2) Le deuxième point est que la séparation voulue par les classificateurs de l’OMS entre, d’une part les « impairments » (atteintes corporelles) et, d’autre part leurs conséquences soit bien nette. Ce n’est pas le cas puisque dans la définition des impairments figure l’origine psychologique et que dans les disabilities figurent de nombreuses situations de handicaps. Bref, c’est très confus et ceci a perduré dans les tentatives d’évolutions freinées au sein de l’OMS, par les immobilistes woodiens dans les projets discutés par cet organisme qui ont suivi (CIDIH2 puis CIF). La définition de l’impairment-déficience n’a pas changé. « Peu à peu, une approche terminologique dite « neutre » est adoptée avec l’introduction des concepts de « structures et de fonctions du corps » et d’ « activités » pour remplacer ceux de « déficiences » et d’« incapacités ». Le remplacement du concept de « handicap » par celui de « participation sociale » (Patrick Fougeyrollas). Ces termes imprécis et ambivalents, juridiquement criticables ajoutant davantage à une confusion déjà très grande sur un sujet où justement ce sont des mots précis pour dire les choses qu’il nous faut. La tridimensionnalité est inexistante et le plaquage de la notion d’habitudes de vie reste artificiel et mal intégré dans l’ensemble du projet.

Ceci transparait sur le schéma présenté et fait de la CIF un outil inutilisable pour les professionnels et les décideurs de santé.

 Dr.

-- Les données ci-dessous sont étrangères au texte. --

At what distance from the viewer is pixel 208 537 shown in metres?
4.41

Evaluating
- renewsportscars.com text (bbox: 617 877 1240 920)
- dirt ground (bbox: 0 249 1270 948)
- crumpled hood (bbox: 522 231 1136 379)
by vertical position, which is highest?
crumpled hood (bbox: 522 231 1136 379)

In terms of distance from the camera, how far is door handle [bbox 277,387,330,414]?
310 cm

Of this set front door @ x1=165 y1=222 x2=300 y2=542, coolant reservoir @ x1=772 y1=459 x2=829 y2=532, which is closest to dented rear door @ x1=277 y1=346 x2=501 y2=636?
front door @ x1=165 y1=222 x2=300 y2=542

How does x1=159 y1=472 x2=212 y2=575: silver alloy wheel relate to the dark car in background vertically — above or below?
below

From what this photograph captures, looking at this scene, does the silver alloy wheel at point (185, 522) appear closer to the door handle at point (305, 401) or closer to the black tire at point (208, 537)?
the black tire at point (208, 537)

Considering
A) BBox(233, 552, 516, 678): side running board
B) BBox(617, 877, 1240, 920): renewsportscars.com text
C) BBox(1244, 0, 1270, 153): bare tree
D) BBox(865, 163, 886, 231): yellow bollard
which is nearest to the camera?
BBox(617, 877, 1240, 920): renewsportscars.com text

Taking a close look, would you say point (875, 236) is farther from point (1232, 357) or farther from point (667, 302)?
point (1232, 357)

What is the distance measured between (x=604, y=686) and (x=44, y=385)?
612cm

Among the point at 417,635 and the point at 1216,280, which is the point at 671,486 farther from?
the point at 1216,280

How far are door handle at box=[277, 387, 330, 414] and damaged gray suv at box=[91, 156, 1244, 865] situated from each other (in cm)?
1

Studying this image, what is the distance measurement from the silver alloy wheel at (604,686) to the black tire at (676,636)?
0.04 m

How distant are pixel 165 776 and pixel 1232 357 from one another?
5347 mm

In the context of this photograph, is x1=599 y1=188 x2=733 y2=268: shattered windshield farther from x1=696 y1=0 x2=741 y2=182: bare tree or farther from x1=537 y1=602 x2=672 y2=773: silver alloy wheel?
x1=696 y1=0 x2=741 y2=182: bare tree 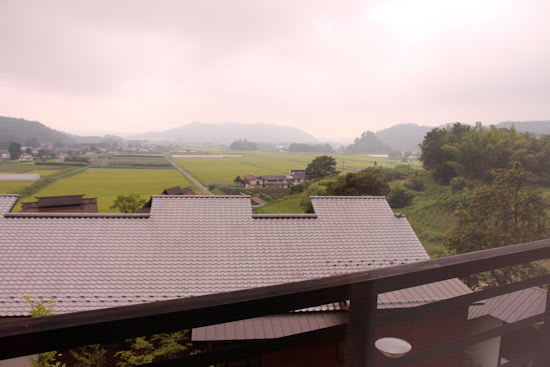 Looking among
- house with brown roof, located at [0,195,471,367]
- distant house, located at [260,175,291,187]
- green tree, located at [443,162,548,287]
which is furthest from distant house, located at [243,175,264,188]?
house with brown roof, located at [0,195,471,367]

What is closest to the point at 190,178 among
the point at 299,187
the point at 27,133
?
the point at 299,187

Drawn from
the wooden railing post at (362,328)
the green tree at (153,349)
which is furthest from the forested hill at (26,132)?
the wooden railing post at (362,328)

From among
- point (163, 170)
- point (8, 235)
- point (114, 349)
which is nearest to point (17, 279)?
point (8, 235)

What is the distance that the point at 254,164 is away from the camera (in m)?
→ 34.1

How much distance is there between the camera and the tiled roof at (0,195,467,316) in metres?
4.56

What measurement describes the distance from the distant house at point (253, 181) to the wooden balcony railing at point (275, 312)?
23.7m

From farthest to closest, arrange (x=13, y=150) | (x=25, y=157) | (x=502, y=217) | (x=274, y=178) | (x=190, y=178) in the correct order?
(x=190, y=178) < (x=274, y=178) < (x=25, y=157) < (x=13, y=150) < (x=502, y=217)

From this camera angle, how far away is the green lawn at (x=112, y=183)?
60.0 ft

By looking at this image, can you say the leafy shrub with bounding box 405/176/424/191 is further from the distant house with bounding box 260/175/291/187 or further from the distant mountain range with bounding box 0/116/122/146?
the distant mountain range with bounding box 0/116/122/146

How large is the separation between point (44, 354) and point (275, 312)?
3.11 m

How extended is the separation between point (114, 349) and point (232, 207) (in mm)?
2956

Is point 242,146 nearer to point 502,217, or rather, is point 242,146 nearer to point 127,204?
point 127,204

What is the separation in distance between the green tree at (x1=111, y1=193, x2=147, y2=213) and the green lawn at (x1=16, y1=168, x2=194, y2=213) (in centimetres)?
58

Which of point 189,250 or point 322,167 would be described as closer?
point 189,250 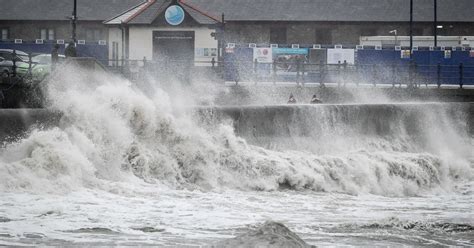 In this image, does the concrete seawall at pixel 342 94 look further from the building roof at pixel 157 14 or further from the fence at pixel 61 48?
the fence at pixel 61 48

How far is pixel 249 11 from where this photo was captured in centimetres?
6159

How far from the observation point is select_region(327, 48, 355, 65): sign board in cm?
4562

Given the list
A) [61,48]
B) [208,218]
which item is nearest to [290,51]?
[61,48]

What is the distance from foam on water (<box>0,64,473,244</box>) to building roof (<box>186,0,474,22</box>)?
3261cm

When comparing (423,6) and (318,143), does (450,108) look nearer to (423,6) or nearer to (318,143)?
(318,143)

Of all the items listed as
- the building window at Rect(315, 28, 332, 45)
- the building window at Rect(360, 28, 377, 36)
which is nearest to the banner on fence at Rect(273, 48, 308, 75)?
the building window at Rect(315, 28, 332, 45)

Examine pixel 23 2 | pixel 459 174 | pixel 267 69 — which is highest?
pixel 23 2

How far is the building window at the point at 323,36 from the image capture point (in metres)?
60.9

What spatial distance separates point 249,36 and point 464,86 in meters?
22.7

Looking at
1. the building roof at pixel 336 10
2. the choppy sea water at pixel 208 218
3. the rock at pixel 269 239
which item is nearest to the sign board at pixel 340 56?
the building roof at pixel 336 10

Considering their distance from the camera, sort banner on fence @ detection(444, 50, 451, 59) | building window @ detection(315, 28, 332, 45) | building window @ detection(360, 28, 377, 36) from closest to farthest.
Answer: banner on fence @ detection(444, 50, 451, 59), building window @ detection(360, 28, 377, 36), building window @ detection(315, 28, 332, 45)

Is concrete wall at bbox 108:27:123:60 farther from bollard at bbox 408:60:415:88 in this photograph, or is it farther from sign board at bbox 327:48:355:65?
bollard at bbox 408:60:415:88

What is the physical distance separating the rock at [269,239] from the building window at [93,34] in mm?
50320

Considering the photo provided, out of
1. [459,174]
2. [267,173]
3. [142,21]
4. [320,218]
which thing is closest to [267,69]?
[142,21] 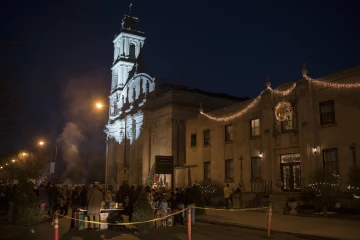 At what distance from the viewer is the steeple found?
65.6m

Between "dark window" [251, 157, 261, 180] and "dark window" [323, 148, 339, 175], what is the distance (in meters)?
6.02

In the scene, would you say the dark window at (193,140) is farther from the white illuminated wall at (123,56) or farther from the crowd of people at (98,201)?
the white illuminated wall at (123,56)

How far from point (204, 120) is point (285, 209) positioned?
15.6 meters

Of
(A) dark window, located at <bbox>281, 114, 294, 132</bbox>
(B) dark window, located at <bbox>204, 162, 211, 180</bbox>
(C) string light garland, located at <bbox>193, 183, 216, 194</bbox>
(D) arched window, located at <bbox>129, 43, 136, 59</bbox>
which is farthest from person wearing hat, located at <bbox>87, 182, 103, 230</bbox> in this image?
(D) arched window, located at <bbox>129, 43, 136, 59</bbox>

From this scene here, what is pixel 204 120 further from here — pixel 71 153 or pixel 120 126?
pixel 71 153

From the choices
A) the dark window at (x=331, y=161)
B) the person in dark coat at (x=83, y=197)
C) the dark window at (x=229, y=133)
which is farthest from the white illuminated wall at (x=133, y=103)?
the person in dark coat at (x=83, y=197)

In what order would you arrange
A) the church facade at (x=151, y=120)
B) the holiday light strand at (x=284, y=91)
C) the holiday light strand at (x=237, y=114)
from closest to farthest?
the holiday light strand at (x=284, y=91), the holiday light strand at (x=237, y=114), the church facade at (x=151, y=120)

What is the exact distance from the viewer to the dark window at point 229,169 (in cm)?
3092

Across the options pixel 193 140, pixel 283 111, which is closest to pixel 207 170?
pixel 193 140

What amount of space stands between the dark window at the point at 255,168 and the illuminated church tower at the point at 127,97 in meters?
23.9

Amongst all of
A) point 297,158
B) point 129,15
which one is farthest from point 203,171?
point 129,15

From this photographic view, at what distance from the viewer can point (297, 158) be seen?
81.1 feet

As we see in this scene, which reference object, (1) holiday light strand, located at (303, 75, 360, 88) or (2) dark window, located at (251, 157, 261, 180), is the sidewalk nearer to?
(1) holiday light strand, located at (303, 75, 360, 88)

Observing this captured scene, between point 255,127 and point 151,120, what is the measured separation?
22.0 m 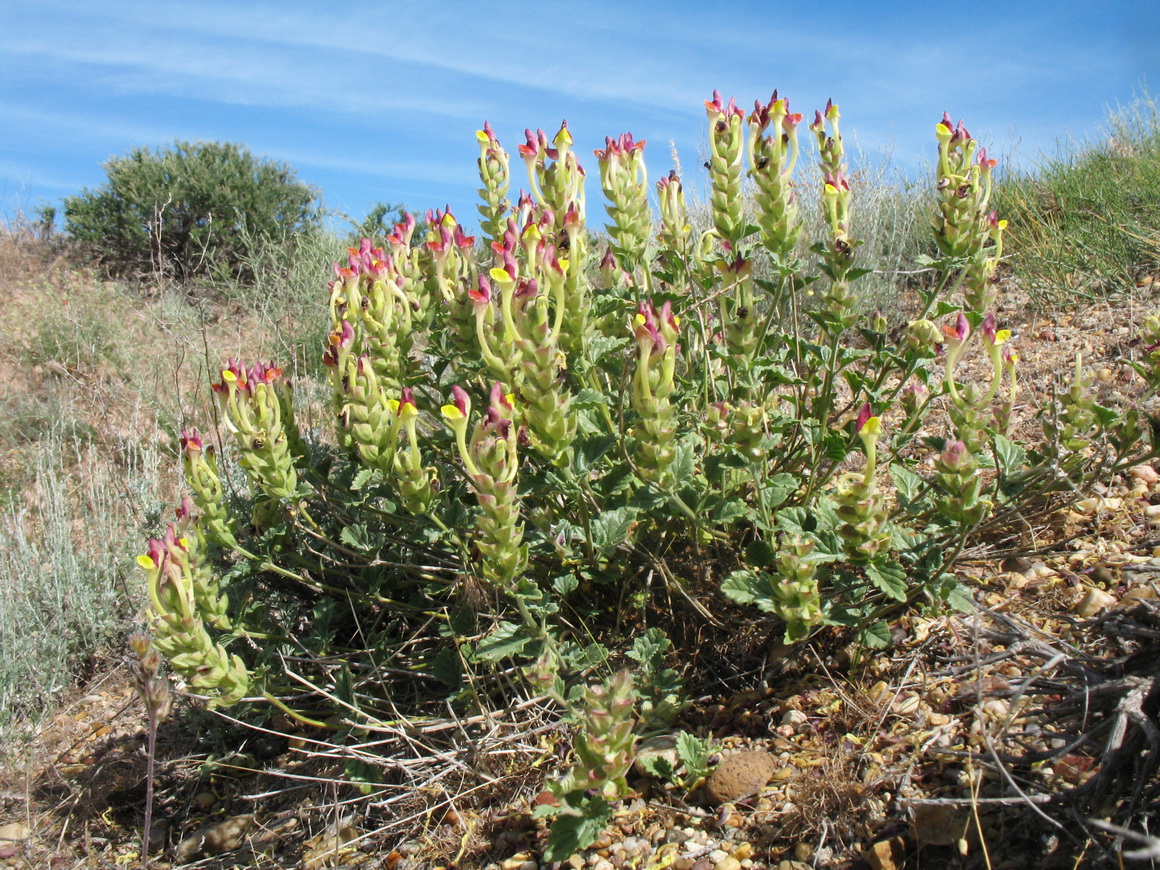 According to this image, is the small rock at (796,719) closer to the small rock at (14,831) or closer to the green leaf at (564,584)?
the green leaf at (564,584)

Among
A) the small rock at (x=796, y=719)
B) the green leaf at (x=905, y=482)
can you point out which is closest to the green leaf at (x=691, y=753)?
the small rock at (x=796, y=719)

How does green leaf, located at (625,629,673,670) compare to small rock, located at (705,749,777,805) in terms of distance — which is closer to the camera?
small rock, located at (705,749,777,805)

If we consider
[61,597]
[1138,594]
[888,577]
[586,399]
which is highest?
[586,399]

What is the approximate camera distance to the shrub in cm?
183

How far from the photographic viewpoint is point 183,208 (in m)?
12.9

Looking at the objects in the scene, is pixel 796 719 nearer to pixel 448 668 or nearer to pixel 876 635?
pixel 876 635

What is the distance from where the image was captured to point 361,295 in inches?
91.4

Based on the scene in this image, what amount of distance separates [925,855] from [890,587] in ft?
1.89

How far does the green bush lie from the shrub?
11.0m

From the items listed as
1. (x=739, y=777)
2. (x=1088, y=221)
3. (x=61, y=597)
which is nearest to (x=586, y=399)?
(x=739, y=777)

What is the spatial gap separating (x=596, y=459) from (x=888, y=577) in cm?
76

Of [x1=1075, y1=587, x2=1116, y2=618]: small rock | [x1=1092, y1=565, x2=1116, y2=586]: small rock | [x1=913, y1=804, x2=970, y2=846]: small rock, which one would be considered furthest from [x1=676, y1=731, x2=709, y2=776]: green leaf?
[x1=1092, y1=565, x2=1116, y2=586]: small rock

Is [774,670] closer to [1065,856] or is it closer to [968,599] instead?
[968,599]

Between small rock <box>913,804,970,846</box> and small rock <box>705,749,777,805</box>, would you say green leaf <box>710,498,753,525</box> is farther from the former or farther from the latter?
small rock <box>913,804,970,846</box>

Philip Wood, Manchester.

Le Docteur Philip Wood, à Manchester, dans son bureau, lors d’une de nos visites. Coll. Cl. Hamonet.

 

Les segmentations de la Classification internationale du fonctionnement, du handicap et de la santé

FONCTIONS ORGANIQUES

STRUCTURES ANATOMIQUES

ACTIVITÉS ET PARTICIPATION

FACTEURS ENVIRONNEMENTAUX

Les définitions correspondantes sont vagues et redondantes, sans contenu, prêtant le flanc à toutes les interprétations et sans correspondance juridique en terme de statut de la personne.

 C.I.F.

 

L’approche sociétale de Patrick Fougeyrollas, le Processus de production des handicaps (P.P.H.), Québec.

L’approche de Patrick Fougeyrollas, anthropologue et lui-même en situation de handicap est en contrepoint et s’appuie essentiellement sur l’aspect sociologique de la question. Le PPH apparaît comme un schéma conceptuel sociologiquement intéressant mais à la fois trop complexe et incomplet pour l’application pratique.

 Le Processus de production des handicaps (P.P.H.)

Ce schéma ne sépare pas, dans « les facteurs personnels » de l’individu, ce qui est corporel et ce qui est fonctionnel, faisant un amalgame entre les modifications du corps (ex. paralysie) pathologiques ou physiologiques (ex. grossesse), et ce qui est des fonctions humaines. Ce qui exclut, de fait, le lien avec les aspects biomédicaux de la personne qui est pourtant un passage obligé pour la compréhension et la compensation du phénomène d’installation des situations de handicap (terminologie préférable à processus de production du handicap).

La notion de facteurs environnementaux est artificiellement dissociée de celle d’habitudes de vie qui est, par ailleurs, difficile à concevoir. Enfin, il conserve dans son vocabulaire des termes négatifs stigmatisants.

 

Le handicap et la santé

On ne peut pas aborder le handicap en l’excluant de la notion de santé qui est définie par l’OMS (1947) selon une formule intégrant les aspects sociaux :

"La santé est un état de complet bien-être physique, psychologique et social, qui ne consiste pas seulement en l”absence de maladie ou d”infirmité" (le terme "handicap" n’était pas utilisé à cette époque).

Le schéma proposé par Saad Nagy pour aborder les maladies chroniques et leurs conséquences a ouvert une voie nouvelle pour relier handicap et santé et ont suscité, de Patrick Fougeyrollas les commentaires suivants :

« Ces travaux étaient issus d’un effort de théorisation dans le champ de la réadaptation professionnelle et des accidentés du travail. Le cadre conceptuel de Nagi établissait une distinction entre la pathologie, la déficience, la limitation fonctionnelle et ce qu’il appelait en anglais "disability" qui correspondait aux conséquences sur le plan de l’intégration sociale. Ceci faisait référence aux inégalités sociales vécues par les personnes ayant des attributs personnels de limitations fonctionnelles » (Patrick Fougeyrollas).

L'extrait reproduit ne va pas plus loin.